Diese Option ist bei USB-Sticks, USB-Platten nicht erforderlich. Soweit das in der Hilfe drinsteht, braucht man das nur bei Geräten mit Multi-LUNS. Weiß nicht, ob es das bei USB-Geräten überhaupt gibt. Ich hab's trotzdem mal (erfolglos) getestet. 

 *Necoro wrote:*   

> schau mal hinterm Schreibtisch ... 

 

Nee, da war er nicht....

Na gut, ich versuch mal die ganzen o.g. Punkte irgendwie gängig zu kriegen.

----------

## musv

Gut, ich hab jetzt den ganzen Vormittag rumgefummelt, und hab jetzt immerhin schon mal die Tastatur mit hal auf deutsch gängig bekommen. Dafür hab ich jetzt ein Problem mit Pulseaudio und ath5k zusätzlich festgestellt. Und lirc scheint auch noch nicht mit 2.6.26 zu funktionierten. Bin daher erstmal wieder 2.6.25 zurück. 

lirc-Bug:

http://www.vdrportal.de/board/thread.php?postid=742741

Für die Probleme mit Pulseaudio und ath5k mach ich mal'n Extrathread auf.

----------

## Vortex375

 *Quote:*   

> (...) nur bei Geräten mit Multi-LUNS. Weiß nicht, ob es das bei USB-Geräten überhaupt gibt.

 

Gibt es. Ich habe einen Multi-Slot Card-Reader für USB, der diese Kernel Option benötigt. Ansonsten wird nur einer der vier Kartenschächte erkannt.

 *Quote:*   

> you may do so by executing: setxkbmap <layout>

 

Ich sehe kein Problem damit. Das kannst du doch sicher in einem Autorun-Script unterbringen. Oder in der ~/.xinitrc.

 *Quote:*   

> Und ich hatte bisher keinen Bock, an der fdi-Datei rumzufummeln.

 

Das musst du auch gar nicht, solange du nicht auf den neusten (maskierten) xorg-server updatest. Oder liegt ich da falsch?
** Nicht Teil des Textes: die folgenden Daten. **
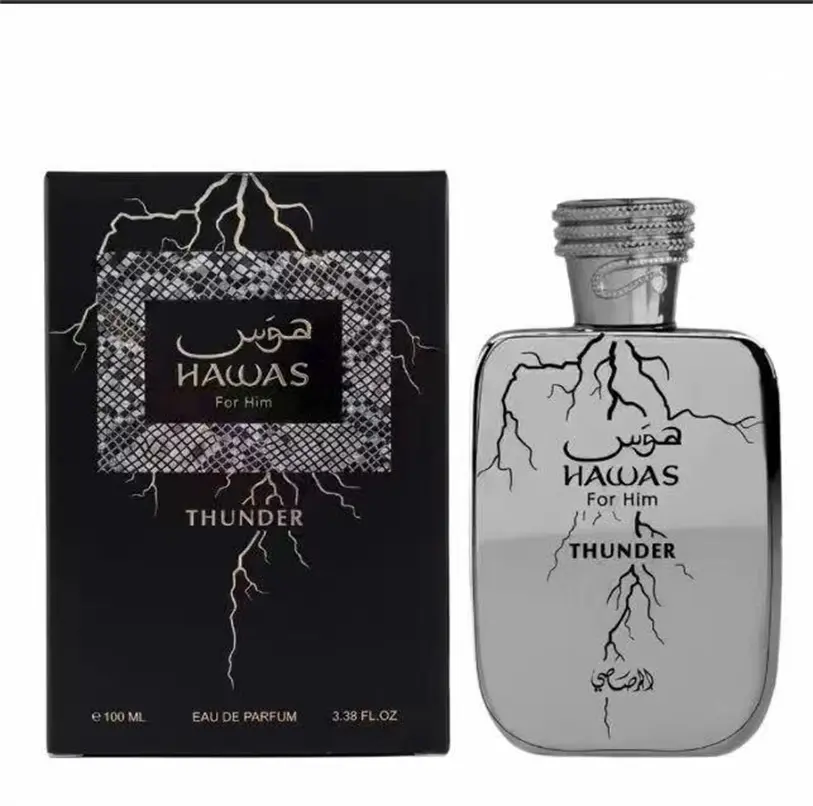 Rasasi Hawas Thunder Eau De Parfum Spray for Men, 3.38 Ounce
Funktioniert der Stick denn nun mit 2.6.26?

----------

## musv

 *Vortex375 wrote:*   

> Funktioniert der Stick denn nun mit 2.6.26?

 

Hab ich jetzt gar nicht erst probiert. Aber ohne Netz nützt mir ja der ganze 2.6.26-er Kernel nichts. Daher muss ich erstmal das Problem angehen.

----------